On 12 April 2016 - Equal Pay Day - US president Barack Obama unveiled the new Belmont-Paul Women's Equality National Monument, the site of the National Woman's Party headquarters since 1929.
Named after former party president Alva Belmont and party founder Alice Paul, the 200-year-old building documents the history and achievements of the US and the global suffrage movements.
It houses more than 600 pieces of legislation, at federal, state and local levels, which helped to achieve gender equality.
Women in the US were granted the national right to vote in 1920, eight years before women could vote on the same terms as men in the UK.
The US boasts a total of eight national monuments, historic sites and parks that specifically commemorate women's rights, including the Women's Rights National Historic Park in New York. Like the UK, however, the majority of designations are named after men.
“While it's difficult to quantify the number of monuments commemorating men, there clearly are more NPS units explicitly named after men than women,” said Jeremy Barnum, public affairs officer at the US National Park Service.
In London, Caxton Hall, the site of the women's parliament during the suffrage movement in the 20th century, is now an apartment block. There is a suffragette memorial at Christchurch Gardens outside the building.
Activists have launched a UK petition, addressed to the new mayor of London, Sadiq Khan, calling to erect a monument commemorating the women's suffrage movement alongside 11 existing statues of men in Parliament Square.
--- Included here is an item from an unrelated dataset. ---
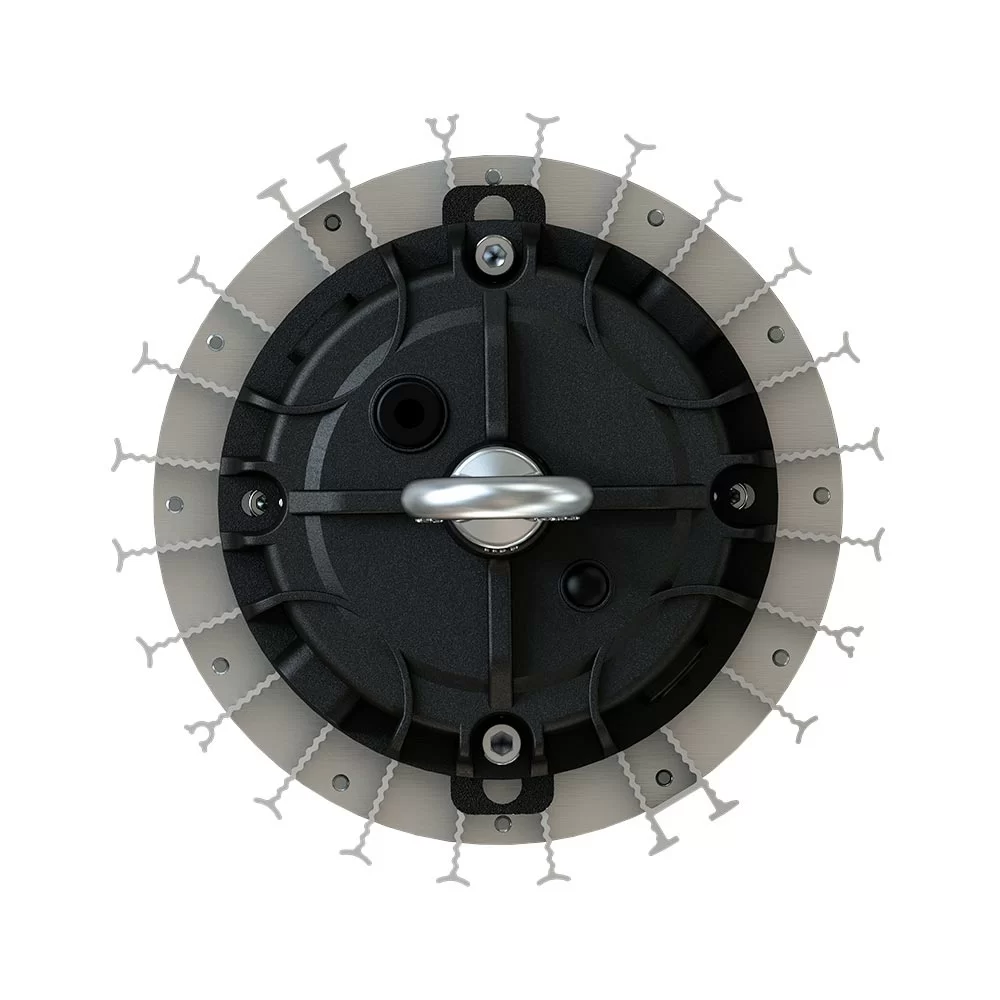 2024052713103063730.jpg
The petition, which has gathered more than 65,000 signatures including actress Emma Watson, was launched by activist Caroline Criado-Perez, who fought successfully to put Jane Austen's face onto bank notes in 2014.
“In two years' time it will be 100 years since those women won their fight and women were first granted the right to vote. They deserve to be remembered. They deserve to be commemorated at the heart of our democracy,” it read.
The movement has been endorsed by the UK's Women's Equality Party, which swept up more than 350,000 votes in local elections last week, with 1 in 20 Londoners voting for WE's Sophie Walker as mayor.
The film Suffragette, starring Meryl Streep as leader Emmeline Pankhurst, was released in late 2015 and was played to packed out cinema theaters on both sides of the Atlantic. It has been credited for a surge in renewed interest in the women who fought and died for universal suffrage, and was the first Hollywood film to document their uprising.